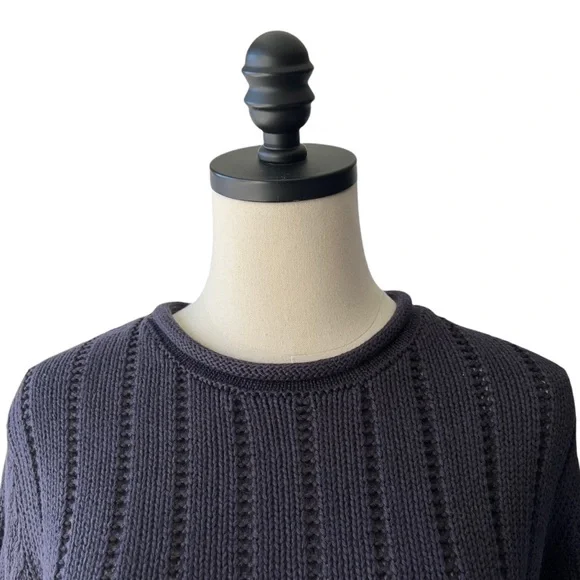 Lands End Navy Linen Cotton Rib Knit Sweater | M NWT - Picture 2 of 9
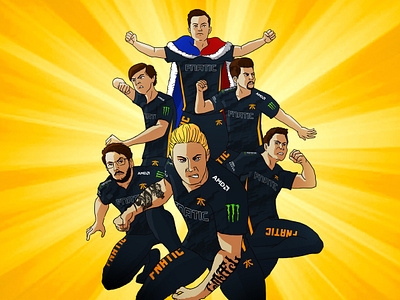 Fnatic LOL Team 2d character comics esports fnatic gaming illustration team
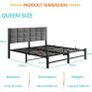 5ft King Size Bed Frame with Headboard,Metal Bed Image 2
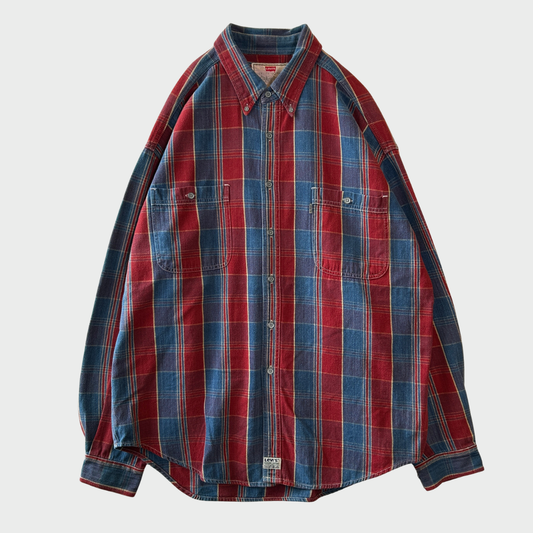 90's Levi's リーバイス チェック ヘビーネルシャツ 赤 (XL) /B1785SH-SO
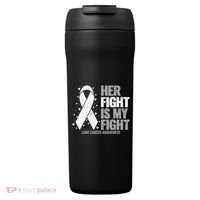 Lung Cancer Her Fight is my Fight Lung Cancer Awareness 24oz Duet Stainless Steel Tumbler thumb 0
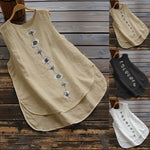 Women Vintage Cotton Linen Tanks Tops Round Neck Floral Print Shirt Summer Sleeveless Blouse Elegant Female Casual Loose Tops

•••

→ **TO DO**: Each record must be repeated verbatim, and no picture may appear in the copy.

→ **OUTPUT BELOW**:
 Lands End Navy Linen Cotton Rib Knit Sweater | M NWT - Picture 2 of 9
 Fnatic LOL Team 2d character comics esports fnatic gaming illustration team
 5ft King Size Bed Frame with Headboard,Metal Bed Image 2
 90's Levi's リーバイス チェック ヘビーネルシャツ 赤 (XL) /B1785SH-SO
 Lung Cancer Her Fight is my Fight Lung Cancer Awareness 24oz Duet Stainless Steel Tumbler thumb 0
 Women Vintage Cotton Linen Tanks Tops Round Neck Floral Print Shirt Summer Sleeveless Blouse Elegant Female Casual Loose Tops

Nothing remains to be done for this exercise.